Supplied material:
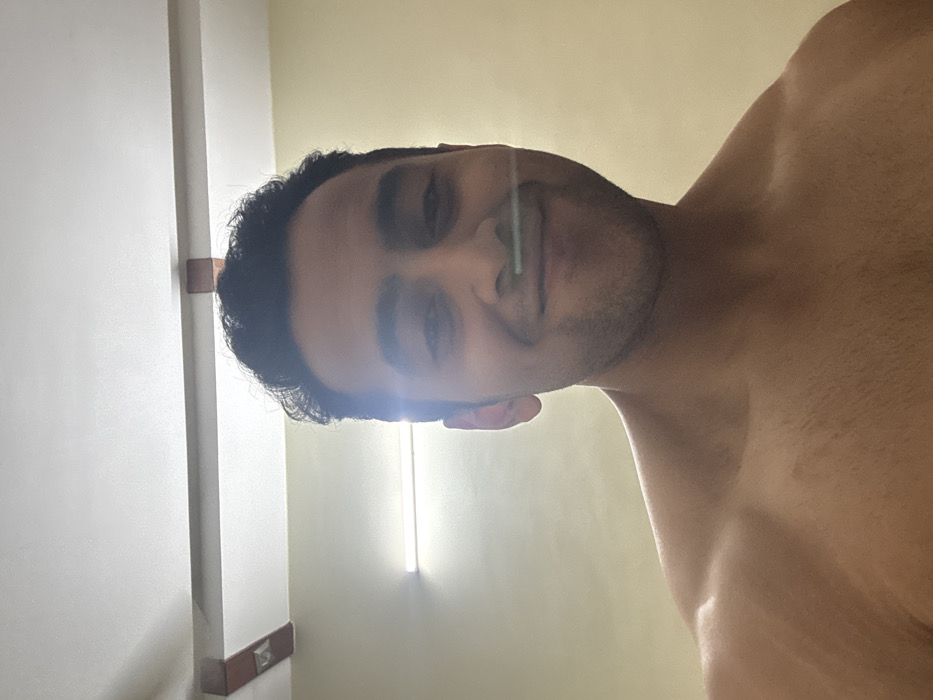 A man's face and bare chest occupy most of the frame. His dark hair is visible at the top left. The man is smiling slightly, with light reflecting off his face, possibly from a light fixture behind the camera. A white wall is on the left side of the image, with dark brown trim and a light beige wall in the background. The image is taken from a low angle, looking up at the man.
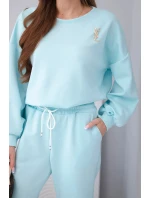 Dámský komplet máslová mikina s broží a kalhoty s rovnými nohavicemi model 22030082 - K-Fashion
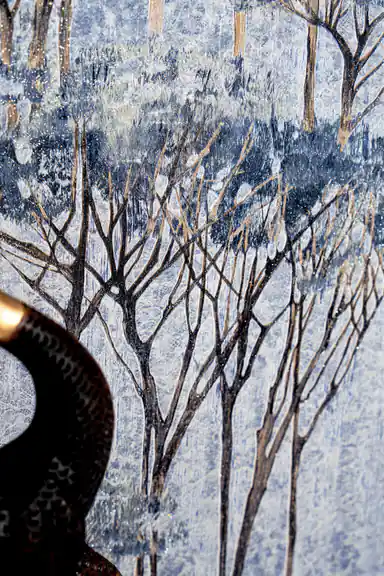 Detail shot of blue tree branches and canopy on misty grey wallpaper background with a dark decorative deer figurine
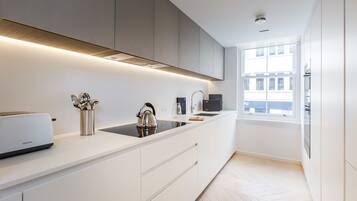 Apartment, 2 Bedrooms | Private kitchen | Full-size fridge, microwave, oven, stovetop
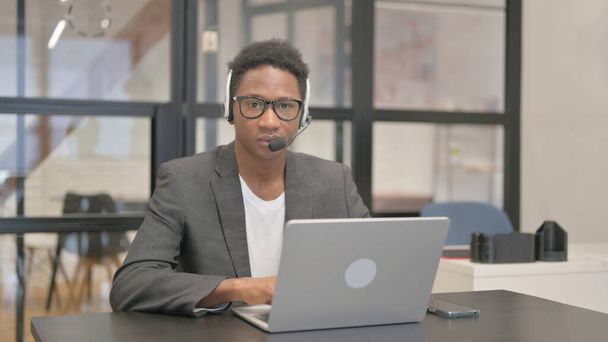 Afroamerikaner mit Headset blickt bei der Arbeit am Laptop in die Kamera - Foto, Bild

Work instructions:
Repeat only what runs from the first line of the records above to the line with "Dámský komplet máslová", both included, word for word, minus the pictures.

Output for this task:
 A man's face and bare chest occupy most of the frame. His dark hair is visible at the top left. The man is smiling slightly, with light reflecting off his face, possibly from a light fixture behind the camera. A white wall is on the left side of the image, with dark brown trim and a light beige wall in the background. The image is taken from a low angle, looking up at the man.
 Dámský komplet máslová mikina s broží a kalhoty s rovnými nohavicemi model 22030082 - K-Fashion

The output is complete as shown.